Absolutely true. All I have said is that DataStage and Informatica will absolutely do what you want. The rest, well, you will just not find many people with good skills across many ETL tools to help you out making a choice. It is unusual for people to gain experience across many of the ETL tools because of the time and effort it takes to learn them in detail. You really have to implement similar data warehouses with the tools to be able to compare them. And by the time you have done that it's two releases later and feature leapfrogging has taken place. In many ways you are very likely to be best off buying the tool that has the most licenses in your area and the most people available to work on your projects. Remember, the ETL work is still the largest single piece of work on the project at 60-80% of the total work on most projects. There is no point buying a tool that you cannot get local people skilled in.

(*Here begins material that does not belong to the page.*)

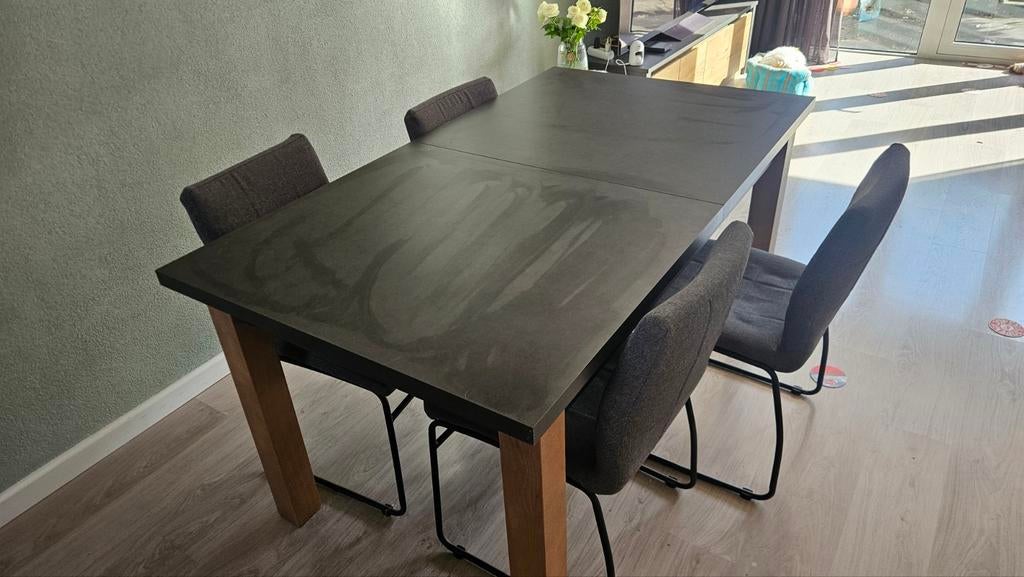 Uittrekbare eettafel van Meubella, Huis en Inrichting, Tafels | Eettafels, Ophalen, Gebruikt, 50 tot 100 cm, Vijf personen of meer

If you are going to build yourself a sizable application independent data warehouse the 'safe' bet is to go with one of these two. If you are going with a suite of analytical applications you will probably go with the tool that the vendor imbeds with the application.

It is much more important to make sure that you learn how to build the data warehouse using the tool that you finish up using.

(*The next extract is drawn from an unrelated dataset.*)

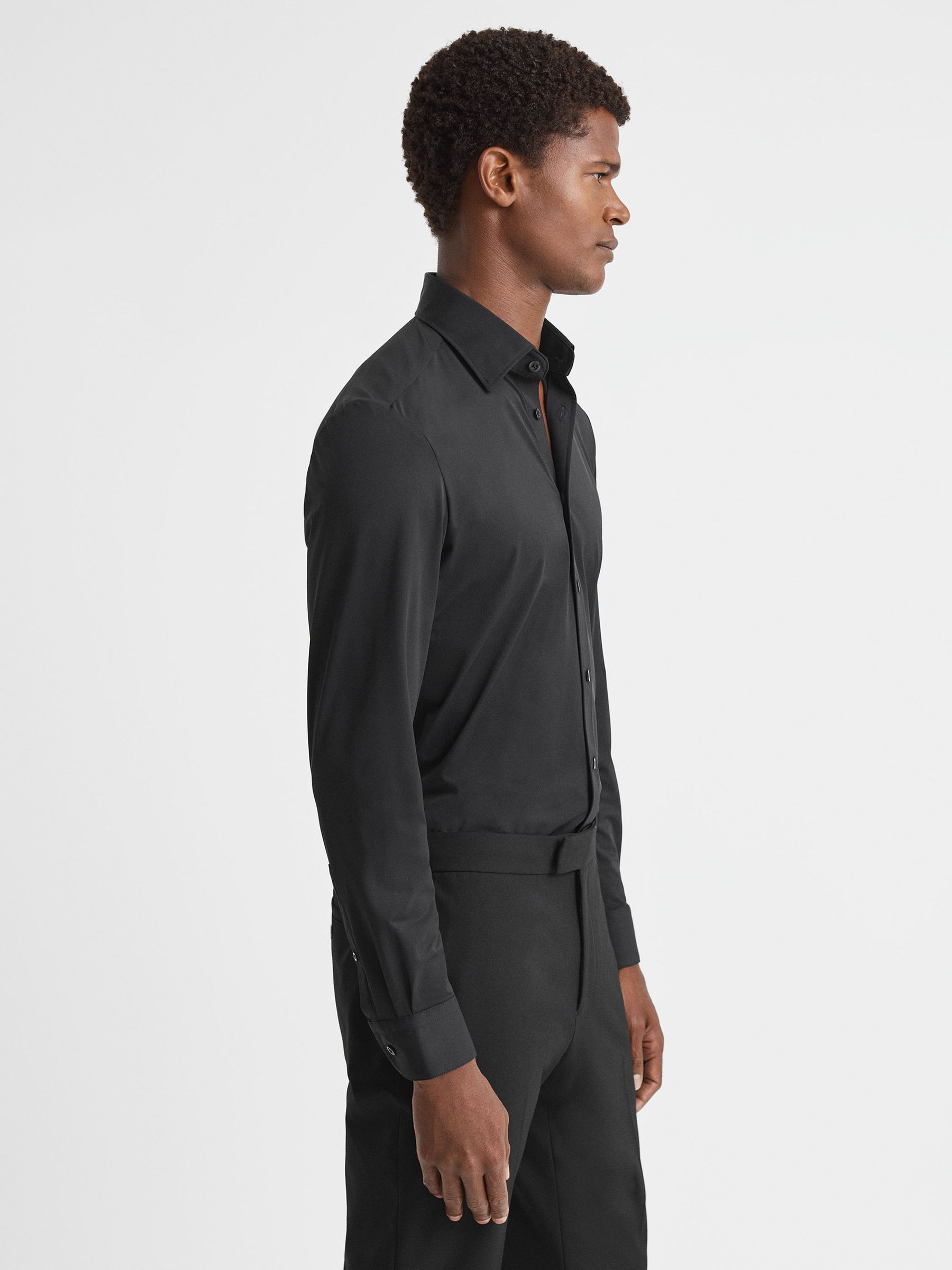 Regular Fit Travel Shirt in Black - Image 3 of 7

A005. What is the usual situation with Data Quality?

'The quality of the data is near 100% perfect' is right up there with 'The check is in the mail.' It is very rarely true. The case that I find most often is that the operational system validates data from the perspective that the data needs to be 'valid' for operational system processing. This does not mean the data is 'valid' as in reflects the real world. Also, the operational system will usually maintain data as 'valid' at a point in time and provide little support for the changing values of data over time. When you put data into the data warehouse you will have to take care of changing data values over time.

You should expect the data coming to you to be pretty bad. Then you will not be surprised if it is bad and you can be pleasantly surprise if it is good.

Should I then delay the data warehouse build until the data quality is up to scratch?

Well, not if you want to actually build it, because it generally takes a long time to bring data quality up to scratch.

What should I do then?

As a minimum, when you perform the data integration tasks of key lookups for fact record keys from the dimension tables, if you do not find as value you should put a '0' key into the fact record. Don't put a null because in most databases null=null is false.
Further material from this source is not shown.